*EXERCISE PROMPT*. Output only the line that contains "Marni MaryJane Peep" and the lines after it, all verbatim, through the last one below.

Saved data entries:
_ _ _

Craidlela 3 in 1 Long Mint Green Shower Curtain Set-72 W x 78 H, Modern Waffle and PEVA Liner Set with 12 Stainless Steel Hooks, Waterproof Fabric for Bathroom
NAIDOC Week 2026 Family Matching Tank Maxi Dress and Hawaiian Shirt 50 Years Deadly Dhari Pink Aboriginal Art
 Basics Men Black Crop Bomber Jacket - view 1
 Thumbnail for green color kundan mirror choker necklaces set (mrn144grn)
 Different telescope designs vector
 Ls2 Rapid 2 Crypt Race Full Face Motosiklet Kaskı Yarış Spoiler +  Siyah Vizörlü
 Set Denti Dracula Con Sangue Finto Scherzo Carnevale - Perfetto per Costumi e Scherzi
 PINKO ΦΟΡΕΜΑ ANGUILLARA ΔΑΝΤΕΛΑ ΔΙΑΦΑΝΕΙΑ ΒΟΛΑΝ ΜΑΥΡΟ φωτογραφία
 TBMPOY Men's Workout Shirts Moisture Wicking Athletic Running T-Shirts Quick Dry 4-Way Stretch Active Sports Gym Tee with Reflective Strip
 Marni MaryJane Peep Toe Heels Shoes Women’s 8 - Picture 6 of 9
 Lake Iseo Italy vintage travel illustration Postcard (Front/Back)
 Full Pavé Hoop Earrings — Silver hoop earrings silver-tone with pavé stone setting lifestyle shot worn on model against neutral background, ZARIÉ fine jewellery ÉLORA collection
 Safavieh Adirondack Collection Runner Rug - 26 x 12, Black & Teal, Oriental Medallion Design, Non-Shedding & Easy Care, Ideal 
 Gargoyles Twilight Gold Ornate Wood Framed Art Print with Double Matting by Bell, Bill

_ _ _

*RESPONSE BELOW*.
 Marni MaryJane Peep Toe Heels Shoes Women’s 8 - Picture 6 of 9
 Lake Iseo Italy vintage travel illustration Postcard (Front/Back)
 Full Pavé Hoop Earrings — Silver hoop earrings silver-tone with pavé stone setting lifestyle shot worn on model against neutral background, ZARIÉ fine jewellery ÉLORA collection
 Safavieh Adirondack Collection Runner Rug - 26 x 12, Black & Teal, Oriental Medallion Design, Non-Shedding & Easy Care, Ideal 
 Gargoyles Twilight Gold Ornate Wood Framed Art Print with Double Matting by Bell, Bill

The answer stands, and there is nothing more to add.